If she stays on the SSRI, she’ll end up with a 70% higher risk of suffering an osteoporotic bone fracture, which will result in a prescription for bisphosphonate drugs or infusions such as Fosamax, Actonel and Aclasta.

Furthermore, if she continues taking her SSRI during pregnancy, her baby has almost double the risk of developmental delay and autistic spectrum disorders in infancy leading to cognitive difficulties in childhood, and an almost 40% higher risk of speech and language disorders which raises the risk of the child earning his or her own crop of diagnoses which result in becoming a lifelong customer of the medical-industrial complex.

There has been very little media coverage of this important Danish study since it was published late last year, and I am yet to encounter a client whose GP or gynaecologist has discussed the study with them, despite over half of my female clients being on antidepressants when they first see me and the majority using some form of hormonal contraception.

GPs seem shockingly willing to prescribe hormonal contraceptives to both adult women and teenage girls, without any informed consent process whatsoever.
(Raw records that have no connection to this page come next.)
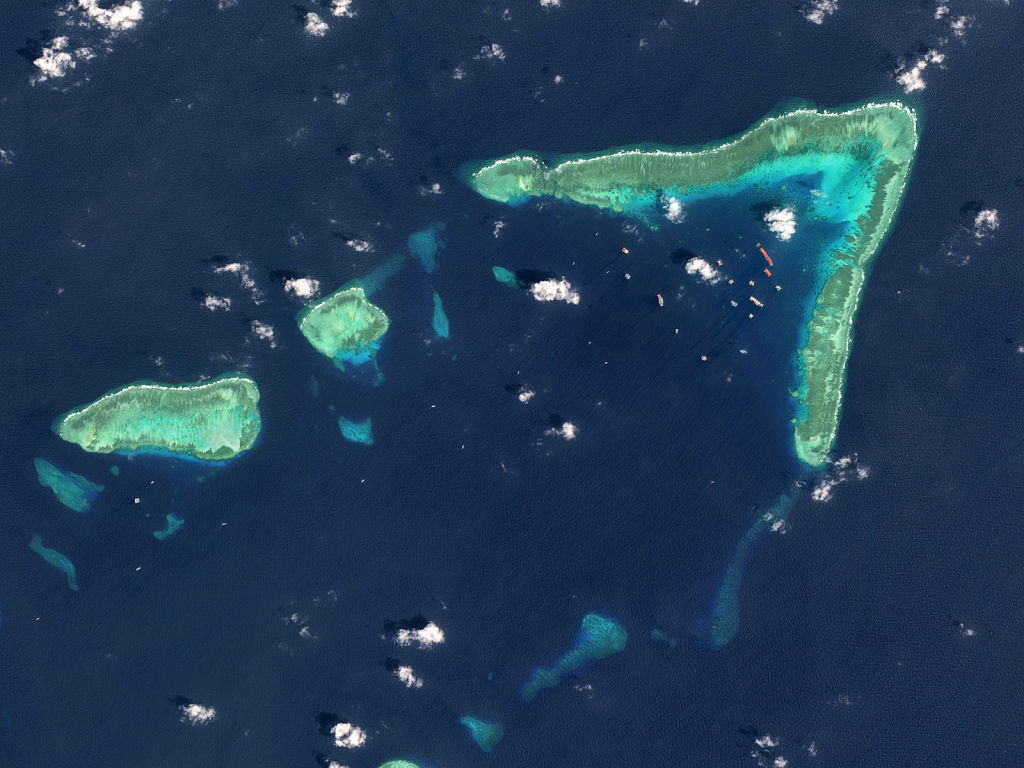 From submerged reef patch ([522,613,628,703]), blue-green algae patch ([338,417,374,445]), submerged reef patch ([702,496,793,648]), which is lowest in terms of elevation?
submerged reef patch ([522,613,628,703])

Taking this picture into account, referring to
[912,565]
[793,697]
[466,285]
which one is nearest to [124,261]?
[466,285]

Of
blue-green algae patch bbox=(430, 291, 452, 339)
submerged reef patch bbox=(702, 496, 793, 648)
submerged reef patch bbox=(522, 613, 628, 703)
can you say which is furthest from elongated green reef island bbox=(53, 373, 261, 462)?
submerged reef patch bbox=(702, 496, 793, 648)

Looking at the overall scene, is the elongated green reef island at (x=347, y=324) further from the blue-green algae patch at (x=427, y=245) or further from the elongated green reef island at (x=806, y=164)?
the elongated green reef island at (x=806, y=164)

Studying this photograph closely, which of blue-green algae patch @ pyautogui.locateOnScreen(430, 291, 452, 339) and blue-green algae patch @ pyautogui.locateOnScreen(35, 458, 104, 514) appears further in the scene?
blue-green algae patch @ pyautogui.locateOnScreen(430, 291, 452, 339)

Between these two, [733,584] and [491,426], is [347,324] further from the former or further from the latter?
[733,584]

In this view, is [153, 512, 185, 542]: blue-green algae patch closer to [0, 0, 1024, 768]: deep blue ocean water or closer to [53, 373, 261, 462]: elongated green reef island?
[0, 0, 1024, 768]: deep blue ocean water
The risks and benefits are never discussed in a balanced way; instead, doctors will patronisingly tell any patient who is impertinent enough to ask if hormonal contraceptives carry risk, that pregnancy is far riskier.
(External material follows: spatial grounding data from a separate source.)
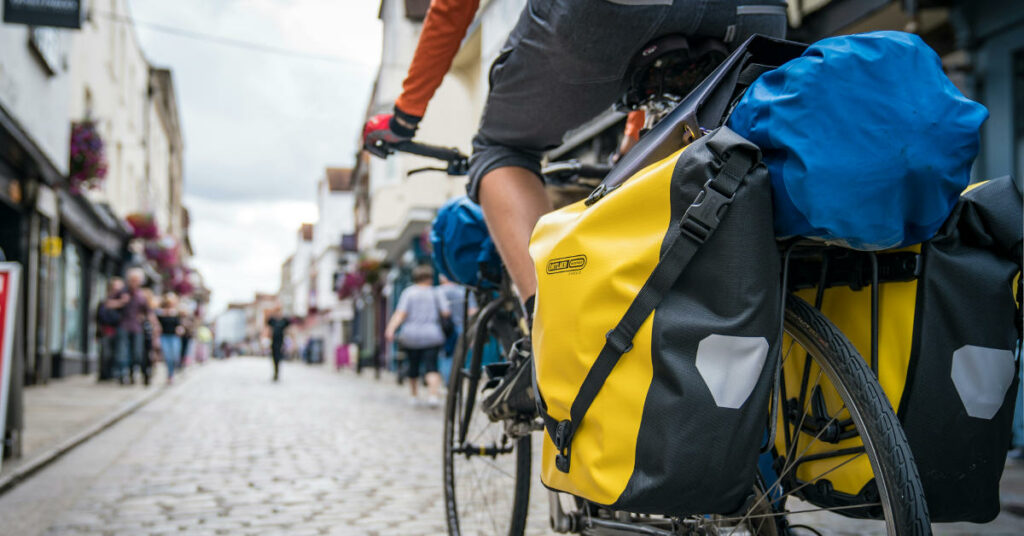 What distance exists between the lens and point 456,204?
3.07 metres

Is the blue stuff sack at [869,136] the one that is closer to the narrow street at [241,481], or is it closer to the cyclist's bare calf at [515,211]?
the cyclist's bare calf at [515,211]

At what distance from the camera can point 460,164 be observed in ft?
9.66

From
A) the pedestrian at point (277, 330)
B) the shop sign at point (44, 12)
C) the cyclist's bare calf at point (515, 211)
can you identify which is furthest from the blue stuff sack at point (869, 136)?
the pedestrian at point (277, 330)

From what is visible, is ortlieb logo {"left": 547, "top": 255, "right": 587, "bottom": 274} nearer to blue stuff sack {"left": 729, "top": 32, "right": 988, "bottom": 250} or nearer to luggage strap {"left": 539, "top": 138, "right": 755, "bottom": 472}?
luggage strap {"left": 539, "top": 138, "right": 755, "bottom": 472}

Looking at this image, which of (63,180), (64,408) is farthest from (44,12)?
(63,180)

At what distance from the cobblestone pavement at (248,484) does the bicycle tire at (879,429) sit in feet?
7.49

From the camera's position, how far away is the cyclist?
6.54 ft

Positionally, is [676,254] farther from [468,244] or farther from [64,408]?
[64,408]

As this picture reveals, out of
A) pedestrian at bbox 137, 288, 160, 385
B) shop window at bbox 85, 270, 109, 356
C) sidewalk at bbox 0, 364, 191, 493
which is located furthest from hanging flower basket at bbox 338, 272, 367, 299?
sidewalk at bbox 0, 364, 191, 493

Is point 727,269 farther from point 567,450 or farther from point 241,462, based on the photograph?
point 241,462

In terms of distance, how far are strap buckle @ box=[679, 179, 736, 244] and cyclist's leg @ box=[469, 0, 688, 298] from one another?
26.1 inches

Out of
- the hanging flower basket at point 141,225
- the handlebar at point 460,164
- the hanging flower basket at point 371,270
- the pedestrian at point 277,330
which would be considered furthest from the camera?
the hanging flower basket at point 371,270

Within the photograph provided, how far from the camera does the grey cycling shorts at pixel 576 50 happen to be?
1.97 metres

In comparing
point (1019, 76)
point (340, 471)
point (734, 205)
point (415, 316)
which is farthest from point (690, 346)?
point (415, 316) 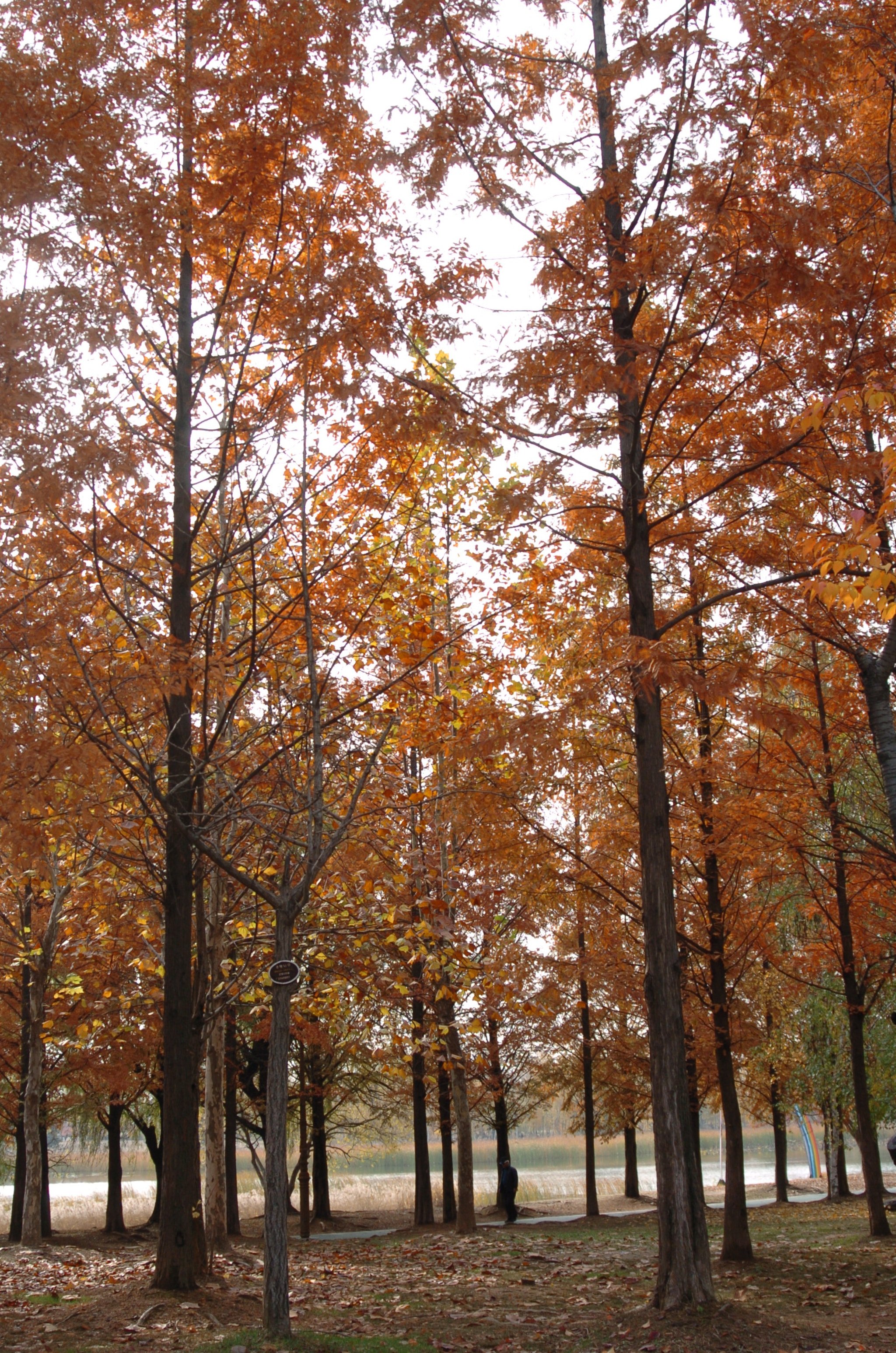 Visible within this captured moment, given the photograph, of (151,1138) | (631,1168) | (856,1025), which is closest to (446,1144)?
(631,1168)

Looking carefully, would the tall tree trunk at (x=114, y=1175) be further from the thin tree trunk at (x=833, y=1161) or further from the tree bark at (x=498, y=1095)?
the thin tree trunk at (x=833, y=1161)

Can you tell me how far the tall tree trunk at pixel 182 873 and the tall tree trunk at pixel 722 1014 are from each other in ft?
18.6

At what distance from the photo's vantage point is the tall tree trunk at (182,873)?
7.70 metres

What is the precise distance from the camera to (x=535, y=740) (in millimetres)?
7445

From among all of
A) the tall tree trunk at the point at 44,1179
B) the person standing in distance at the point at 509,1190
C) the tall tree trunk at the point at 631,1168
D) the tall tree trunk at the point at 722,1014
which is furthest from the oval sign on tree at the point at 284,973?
the tall tree trunk at the point at 631,1168

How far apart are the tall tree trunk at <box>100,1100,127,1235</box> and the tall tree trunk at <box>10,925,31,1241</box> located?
6.18 feet

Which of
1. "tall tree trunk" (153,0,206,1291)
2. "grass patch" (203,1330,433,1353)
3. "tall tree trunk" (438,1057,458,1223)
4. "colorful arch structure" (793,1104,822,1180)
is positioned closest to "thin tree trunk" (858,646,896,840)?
"grass patch" (203,1330,433,1353)

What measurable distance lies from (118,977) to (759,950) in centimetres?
834

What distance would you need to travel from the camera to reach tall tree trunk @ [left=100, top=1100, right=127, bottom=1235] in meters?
21.8

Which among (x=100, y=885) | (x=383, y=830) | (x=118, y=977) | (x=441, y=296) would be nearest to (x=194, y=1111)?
(x=383, y=830)

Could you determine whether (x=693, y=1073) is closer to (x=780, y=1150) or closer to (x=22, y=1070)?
(x=780, y=1150)

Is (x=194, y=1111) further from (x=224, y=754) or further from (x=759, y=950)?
(x=759, y=950)

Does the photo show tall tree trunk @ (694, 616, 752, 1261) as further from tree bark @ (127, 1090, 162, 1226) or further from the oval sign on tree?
tree bark @ (127, 1090, 162, 1226)

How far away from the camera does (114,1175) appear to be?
23.0 meters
That’s not the point. The fact is that women are only capable of becoming pregnant for less than a week out of every month, whereas men are constantly fertile; yet in most relationships, women bear the sole burden of responsibility for contraception – sometimes at great cost to their physical and mental health.

In his excoriating book Male Practice: How doctors manipulate women, the late, great Dr Robert Mendelsohn argued that institutionalised sexism in modern medicine resulted in far more unnecessary, degrading, and dangerous practices being inflicted on women than on men. Unfortunately, even most female doctors are socialised by their medical education into exposing girls and women to the considerable risks of hormonal contraception without a second thought, let alone a proper informed consent process.

The only defence against this institutionalised sexism is for women to start thinking and talking contraception as a feminist issue, demand that their partners take equal responsibility for the prevention of unwanted pregnancy, and get themselves informed about the risks of hormonal contraception, and the alternatives to it.